======== SOURCE DATA

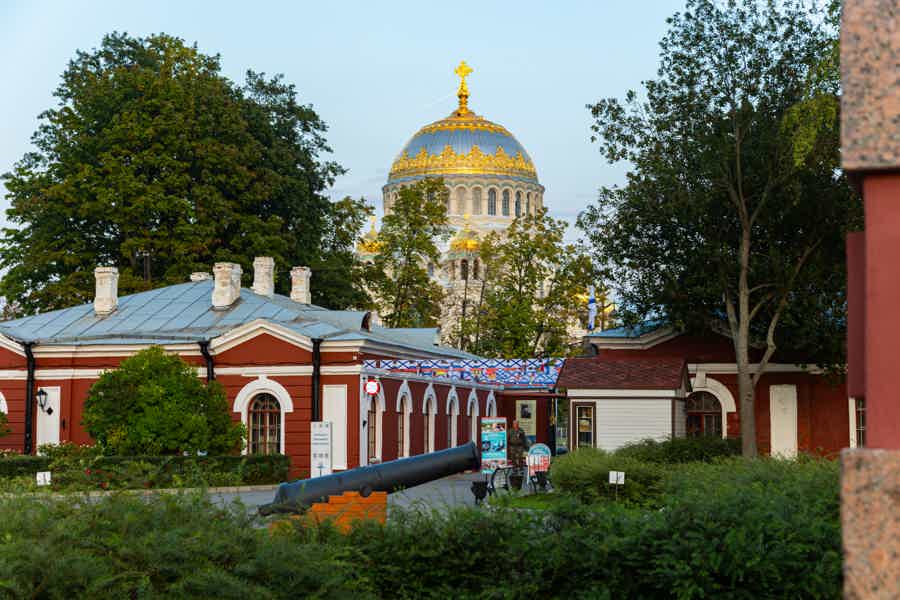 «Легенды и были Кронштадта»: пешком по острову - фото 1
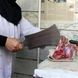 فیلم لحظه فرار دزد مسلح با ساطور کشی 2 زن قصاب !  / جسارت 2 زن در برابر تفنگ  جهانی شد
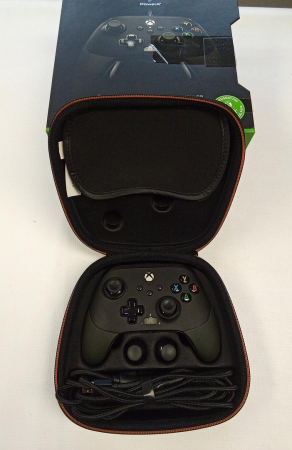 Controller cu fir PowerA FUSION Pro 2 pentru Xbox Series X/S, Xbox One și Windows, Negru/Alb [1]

================

**WORK REQUIRED:** Pictures are to be omitted from the copy, and only the lines from the one containing "فیلم لحظه فرار" through the final line of the listing above are to be written out exactly.

**WRITTEN RESPONSE:**
 فیلم لحظه فرار دزد مسلح با ساطور کشی 2 زن قصاب !  / جسارت 2 زن در برابر تفنگ  جهانی شد
 Controller cu fir PowerA FUSION Pro 2 pentru Xbox Series X/S, Xbox One și Windows, Negru/Alb [1]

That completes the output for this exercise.